Una figura celestial, tan celestial que no parecía de este mundo, se entró dentro de mí, agasajándome y plegándose toda para que no hubiese en mi interior un solo hueco que no estuviese lleno con ella.

—No me contestáis una sola palabra—dijo la voz de mi enfermera.— Ni siquiera me miráis. ¿Por qué cerráis los ojos?... ¿Así se contesta, caballero?... Sabed que no sólo tengo dudas, sino también celos. ¿Os habré desagradado en lo que últimamente he hecho? No os lo ocultaré, porque jamás he mentido. Mi lengua nació para la verdad... ¿Ignoráis tal vez que vuestra princesa encantada y el bribón de su padre estaban en Salamanca? Quien los trajo, es cosa que ignoro. El desgraciado masón anhelaba la libertad y se la he dado con el mayor gusto, consiguiendo del general un salvoconducto para que saliese de aquí y pudiese atravesar toda España sin ser molestado.

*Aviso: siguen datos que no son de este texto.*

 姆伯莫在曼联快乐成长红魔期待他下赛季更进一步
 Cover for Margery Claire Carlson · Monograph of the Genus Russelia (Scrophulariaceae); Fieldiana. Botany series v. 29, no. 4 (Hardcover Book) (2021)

Al oir esto, razón, memoria, sentimientos, palabra, todo volvió súbito á mí con violencia, con ímpetu, con estrépito, como una catarata despeñándose de las alturas del cielo. Di un grito, me incorporé en el lecho, agité los brazos, arrojé lejos de mí con instintiva brutalidad aquella hermosa figura que tenía delante, y prorrumpí en exclamaciones de ira. Miré á la dama y la nombré, porque ya la había conocido.